Two new projects, Spiritual Journeys and The Solitude Project were born out of the Interfaith Listening Project. This group model provides a natural focus on each of our own religious/spiritual experiences and practices. We hope other interfaith communities will find these ideas and processes useful.

Robert C. Smith, Ph. D., A founding Board Member: August,2011

robertcharlessmithphd@gmail.com

The materials in the Interfaith Listening Project section of this website, illustrate how our learnings in interfaith dialogue and the Listening Project have informed our work in the larger interfaith community.

Creating a Community Interfaith Workshop

Elements and an Illustrative Model

Creating workshop designs is an important process for group planners and leaders. These strategies help clarify the intended direction of meetings. This is especially important in interfaith groups where there can be such a wide range of expectations.

It is very important to know your audience. Our work has been influenced by the fact that many in our interfaith community were born overseas and have traveled widely; they tend to be highly educated and experienced in intercultural situations.  About a hundred people have attended our community interfaith workshops. The materials from these workshops can be adapted for use with other similar groups.
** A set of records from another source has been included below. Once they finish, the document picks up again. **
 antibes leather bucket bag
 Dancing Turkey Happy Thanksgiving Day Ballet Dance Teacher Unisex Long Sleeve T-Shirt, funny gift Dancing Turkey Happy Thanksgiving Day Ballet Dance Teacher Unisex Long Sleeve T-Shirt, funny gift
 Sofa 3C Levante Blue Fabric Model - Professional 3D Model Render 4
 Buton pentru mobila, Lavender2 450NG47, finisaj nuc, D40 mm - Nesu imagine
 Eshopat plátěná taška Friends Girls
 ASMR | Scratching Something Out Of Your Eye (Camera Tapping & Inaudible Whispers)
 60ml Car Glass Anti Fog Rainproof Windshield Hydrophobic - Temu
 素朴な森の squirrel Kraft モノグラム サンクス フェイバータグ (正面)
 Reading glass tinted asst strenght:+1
 THE FOLLOWING  ELEMENTS illustrate our emphasis on interfaith listening.   Each element is described following this outline:

1. The Invitation

2. Beginning the Conversation

3. Creating the Atmosphere

4. Questions for Interfaith Dialogue

5. Ground Rules for Religious Dialogue

6. Action Planning for Community Interfaith Understanding

 1. The Invitation:

 Dialoging Between Faiths and Cultures: 

 A Workshop for Strengthening our Community

In the years since 9/11 we have continuously seen the importance of strengthening and uniting our community.  The need for building understanding, acceptance and trust among our diverse, often competing, and sometimes conflicting faith communities has never been as apparent as now.

A significant way for the Monmouth Center to bring interfaith/intercultural understanding to Monmouth County is to develop skills in dialogue among community members of different faiths. Working with differences and building harmony in our diverse communities requires abilities in dialogue and listening.
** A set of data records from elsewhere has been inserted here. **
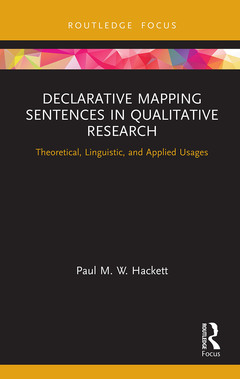 Couverture de l’ouvrage Declarative Mapping Sentences in Qualitative Research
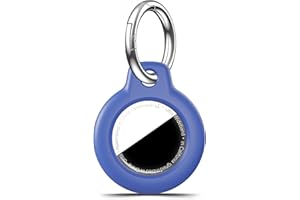 MOLOSLEEVE for Airtag Holder Case with Keychain, Shockproof GPS Cover Anti-Scratch Key Chain for Air Tags, for Airtags Accessories for GPS Item Tracker Cases for Bags, Luggages, Blue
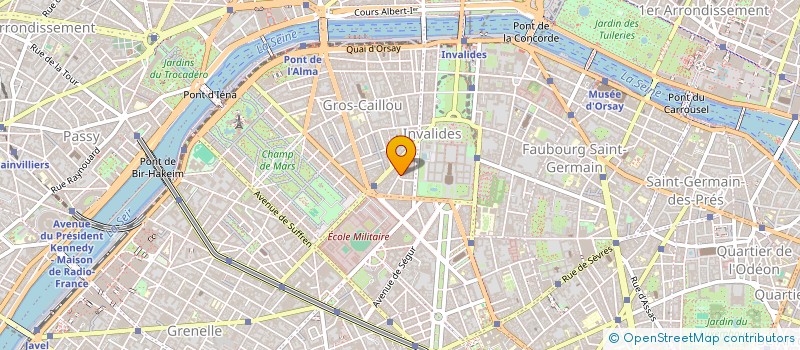 localisation de l'entreprise MONSIEUR OLIVIER GANNE DE BEAUCOUDREY  PARIS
During this interactive evening, we will learn more about how to establish an atmosphere where we can non-defensively explore the differences in how we live our lives and practice our faiths. In a safe environment, community members will engage in thoughtful and respectful discussion.  

2. Beginning the Interfaith Conversation: A Handout

 WELCOME!

 Tonight is an opportunity to share our interfaith/intercultural experiences through telling and listening to each others’ stories. This experience helps increase understanding and adds to our abilities to live and work harmoniously with our friends, family, neighbors, and colleagues from different faith and cultural backgrounds!

Tonight we will:

●  explore the differences in how we live our lives and practice our faiths

●  practice skills in listening among community members

●  learn to recognize the richness of our differences and similarities

●  experience a safe atmosphere for continued dialogue

In some ways, we here today are a MICROCOSM of the whole world.

What we learn will offer some clues about how the world and our community can become a better place. 

[We divided into small groups that were as diverse as possible. The group sizes of six to eight people allowed for maximum interaction between individuals. There was an overall workshop leader and several small group facilitators. ]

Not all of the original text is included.